『紀伊山地の霊場と参詣道』とは

 光り輝く太陽に対する信仰は世界中に見られ、「南」は宗教的に最も重要な方角とされています。およそ1400年にわたって日本の中心であり続けた古都奈良や京都の南に位置し、太平洋に突き出した紀伊半島の大部分を占める紀伊山地は、すでに神話の時代から、神々が鎮まる特別な地域と考えられていました。

また、6世紀中頃に朝鮮半島を経由して伝来し、間もなく国家を護る宗教とされた「仏教」でも、深い森林に覆われた紀伊山地の山々を、阿弥陀仏や観音菩薩の「浄土」に見立て、また、仏が持つような能力を人間が修得するための山岳修行の舞台としました。
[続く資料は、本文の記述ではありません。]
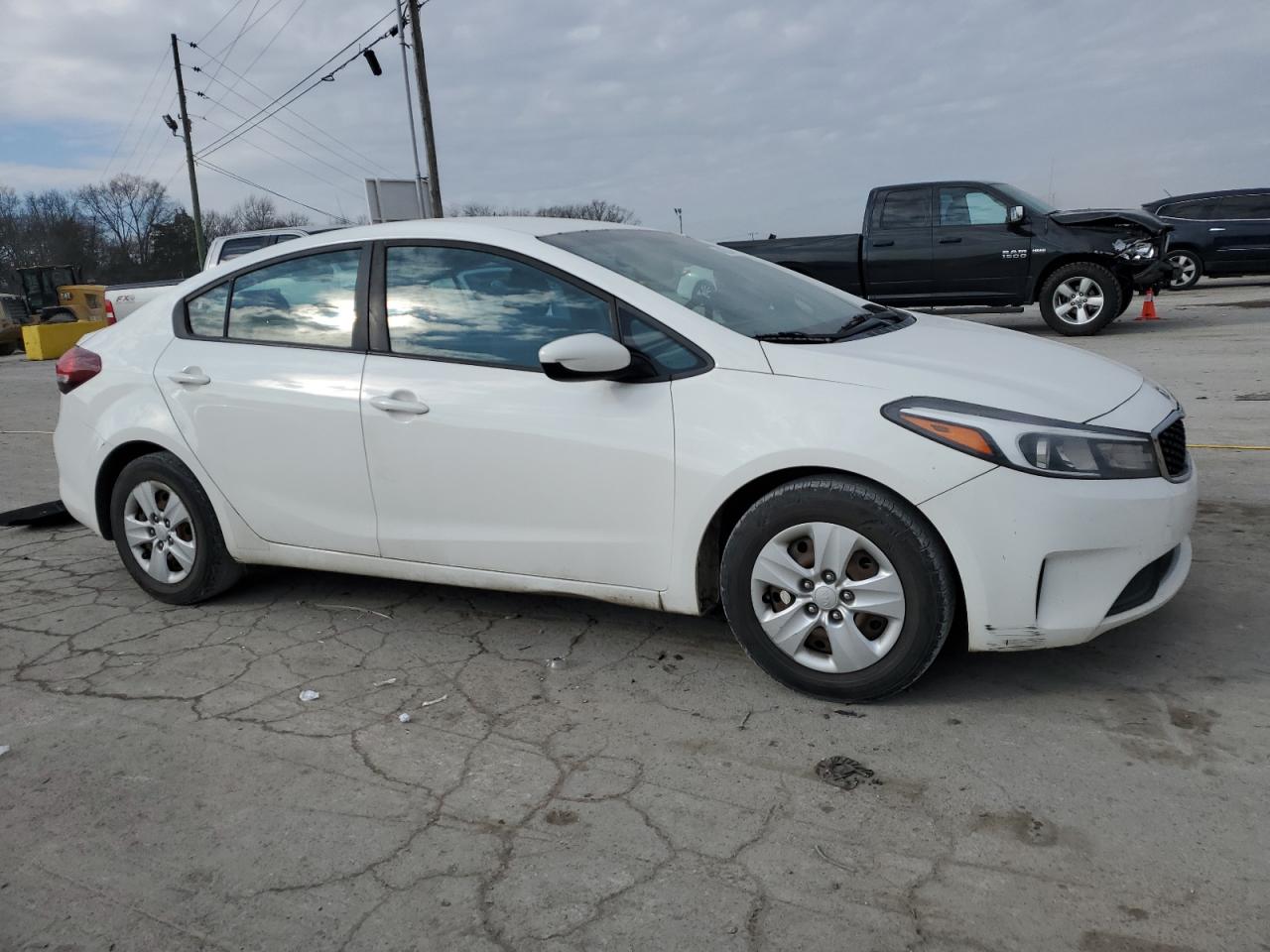 VIN 3KPFK4A70HE069765 2017 KIA FORTE no.4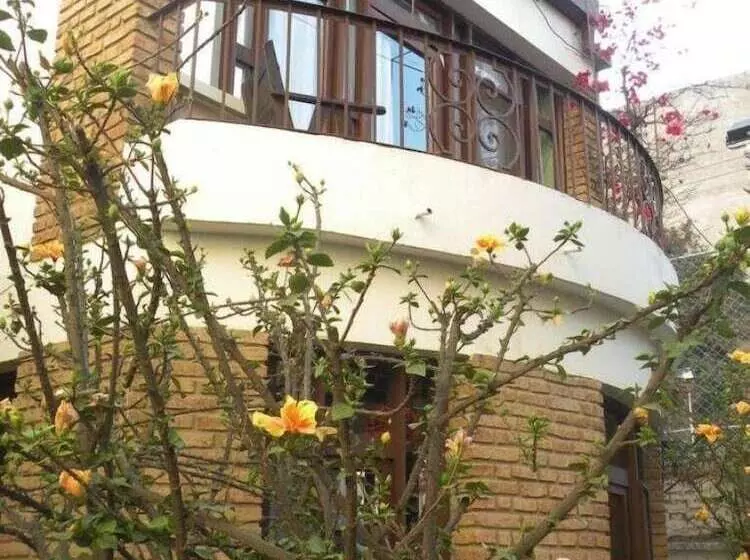 پانسیون El Jardin Suites And Guest House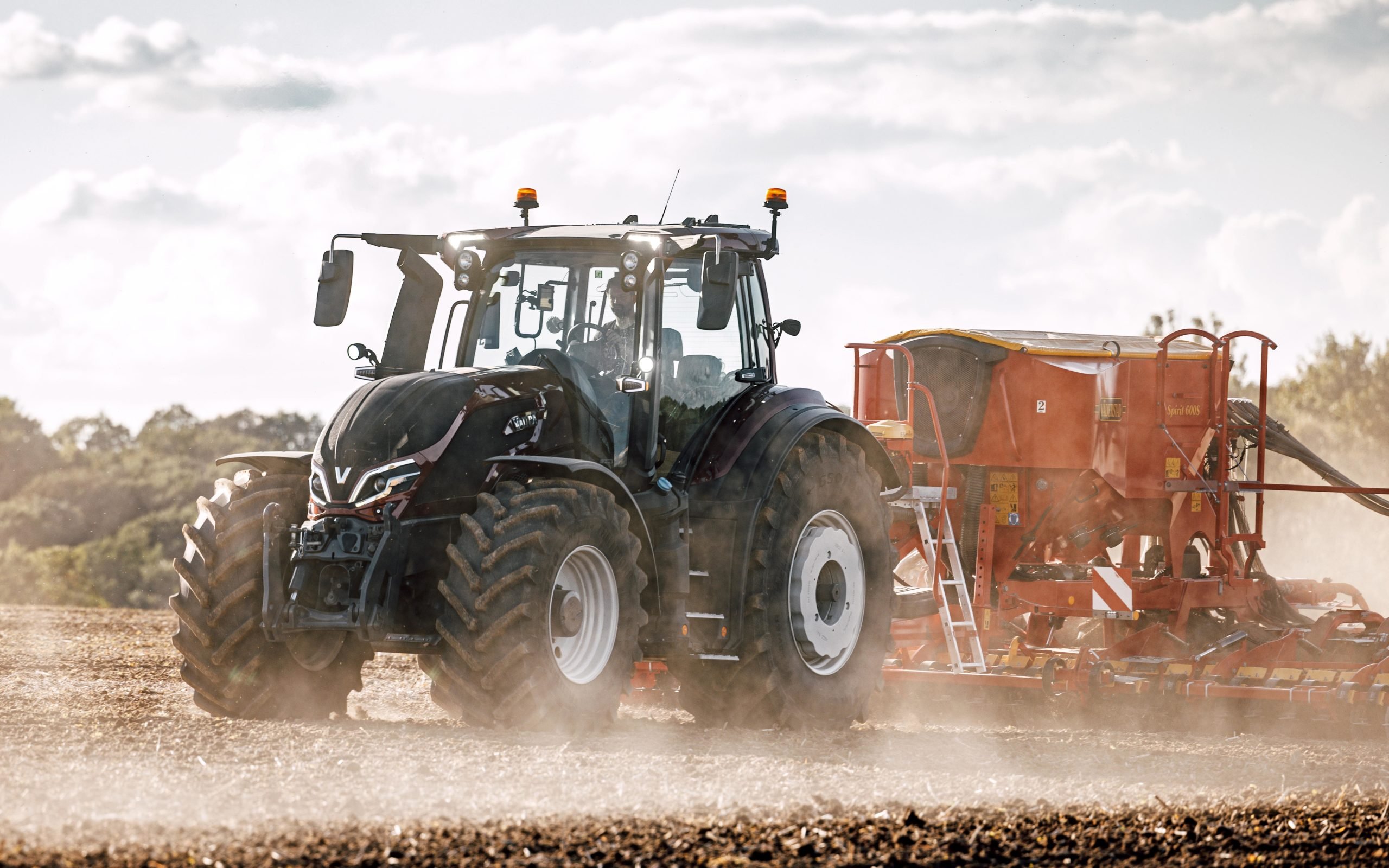 The transmission for the Valtra can be specifically set up for the job in hand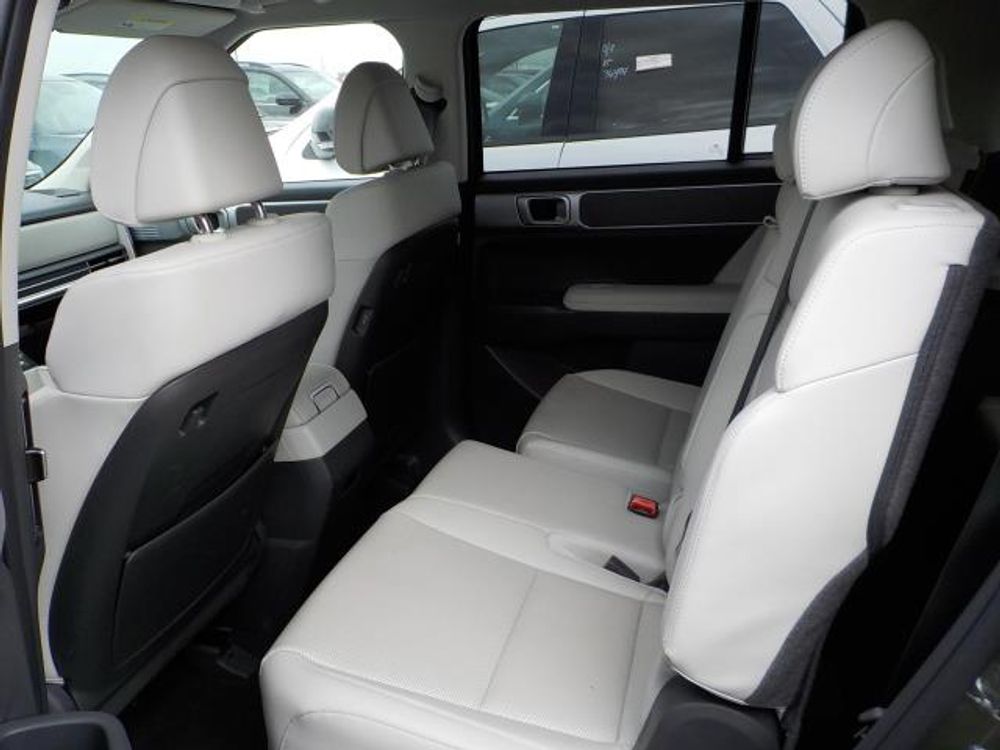 2025 Hyundai Santa Fe Hybrid SEL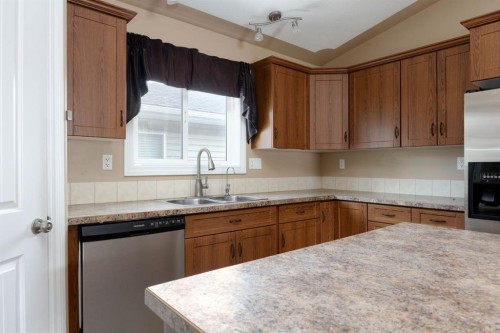 209 Ash Way, Fort Mcmurray, AB - Indoor Photo Showing Kitchen With Double Sink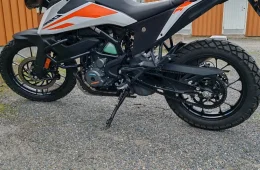 KTM 390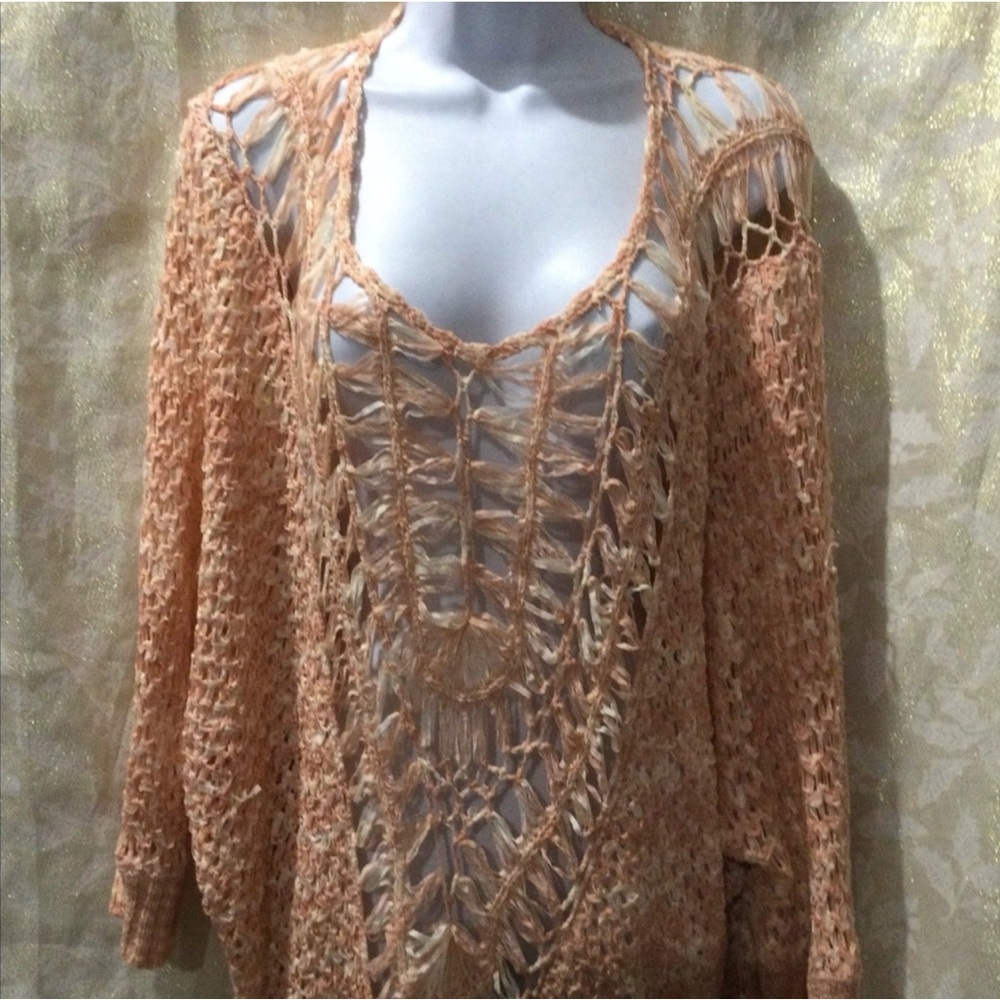 Daytrip Peach and Cream Knit Crochet Weave Tunis Top Medium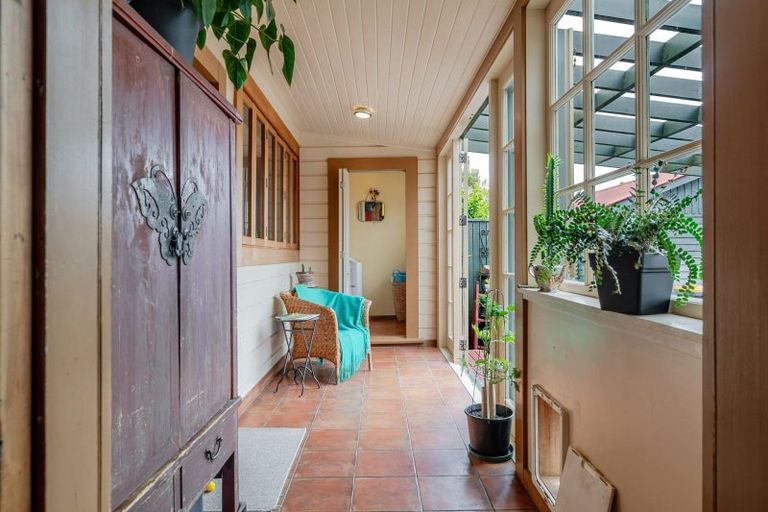 Photo of property in 6 Pascal Street, Palmerston North, 4410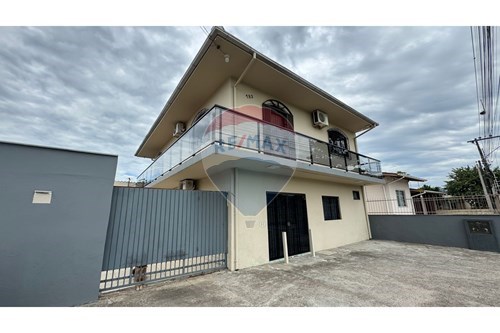 Venda-Casa-Rua Vidal Vicente de Andrade , 782  - Brasil Atacadista  - Sertão do Maruim , São José , Santa Catarina , 88121-810-590471002-60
その結果、紀伊山地には、修験道の「吉野・大峯」、神仏習合の「熊野三山」、密教の「高野山」というように、それぞれの起源や内容を異にする三つの「山岳霊場」と、そこに至る「参詣道」が生まれ、都をはじめ全国から人々の訪れる所となって、日本の宗教・文化の発展と交流に大きな影響を及ぼしました。

世界遺産に登録する意義

「紀伊山地の霊場と参詣道」は、三重・奈良・和歌山の三県にまたがる「紀伊山地の自然」がなければ成立しなかった「山岳霊場」と「参詣道」、および周囲を取り巻く「文化的景観」が主役であり、日本で唯一、また世界でも類例のない資産として価値の高いものです。